To All the Boys I’ve Loved Before works as well as it does because there really is no clear-cut antagonist. There doesn’t need to be one; at this age, everything feels like it’s out to get us when it doesn’t align with how we think and feel. The closest thing we get is Gen (Emilija Baranac), a snaky girl who would’ve fit right in with “The Plastics” of Mean Girls. She stirs drama because LJ kissed the guy she liked as kids in a good old-fashioned game of spin the bottle, and now that same guy Peter Kavinsky (Noah Centineo), a lacrosse player and the hottest guy in school, as well as a recipient of a letter from LJ, becomes her “boyfriend.” Peter recently broke-up with Gen and wants to make her jealous. LJ wants an excuse to not speak with Josh, another guy with an unexplained letter. It’s a sham until they fall for each other.

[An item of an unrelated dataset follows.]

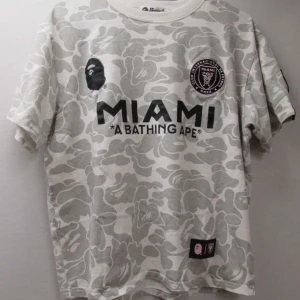 Miami Bape Football Jersey - Bape Cropped Miami Football Jersey Bra skick - Liten fläck, se bild 200kr Storlek: XS / S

We’ve seen this set-up before; blend and stir the Prom King dates outsider elements of She’s All That with “The Taming of the Shrew” trickery from 10 Things I Hate About You and To All the Boys I’ve Loved Before is the natural byproduct. Not everything clicks though. The widowed Dad (John Corbett), while affectionate, never becomes more than a punchline because he’s a gynecologist. The best friend feels more obligatory to the genre than she does to Lara Jean. Josh the neighbor has no real character arc. And while I hate critiquing kids, the youngest sibling can’t act and her scenes become hard to watch. That’s what doesn’t work with the film, which I feel should be pointed out, because everything else it does is just so wonderful. Lara Jean is an Asian-American and the movie never makes a big deal out of it. Why? Because that doesn’t define her. She represents a positive shift towards representation without having to wear a name tag that says, “Hi, I’m Asian.” But best of all, the film gives us a popular, athletic guy who’s nice and kind and falls for a girl because she’s just as beautiful on the inside as she is on the outside. We want them to be together because we come to believe that they need to be together. It’s convincing stuff.
Based on Jenny Han’s novel, adapted by screenwriter Sofia Alvarez, and directed by Susan Johnson, To All the Boys I’ve Loved Before tells the kind of high school story I’ve been waiting for from a wide-ranging female perspective. It confronts and steals from the genre’s best without condemning them. LJ tells Peter to put his hand in her back pocket because that’s how Jake Ryan walked with Samantha Baker in Sixteen Candles. Then they watch the movie and when Peter sees the Long Duk Dong character he asks, “Isn’t this kind of racist?” These are smart, perceptive young adults, just trying to make sense of a world that changes every two weeks. They kiss, they argue, they talk. One incredible shot shows them fighting, separated by the floor to ceiling steel bar between the double doors of a school hall. And as the film begins in an imaginary field, it rightfully ends in a real one, showing us that imagination can manifest itself in reality when we puts ourselves out into the world. To All the Boys I’ve Loved Before is a love letter to the films that came before it and to all of the conversations we dream up inside our heads, and it’s courageous enough, as well as sufficiently polite enough, to raise its hand before it speaks its truths. Not only do we hear them loud and clear, we feel them like a shot through the heart.
“You’ve gotta tell people how you feel when you feel it.”